Task data:
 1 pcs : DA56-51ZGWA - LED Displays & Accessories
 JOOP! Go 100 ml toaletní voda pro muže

* * *

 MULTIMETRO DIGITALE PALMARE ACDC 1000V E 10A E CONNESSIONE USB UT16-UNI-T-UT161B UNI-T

What is being asked:
In the data above, which lines lie between the line with "1 pcs : DA56-51ZGWA" and the line with "JOOP! Go 100 ml toaletní voda pro muže", inclusive? Print those lines exactly and nothing else.

Solved exercise:
 1 pcs : DA56-51ZGWA - LED Displays & Accessories
 JOOP! Go 100 ml toaletní voda pro muže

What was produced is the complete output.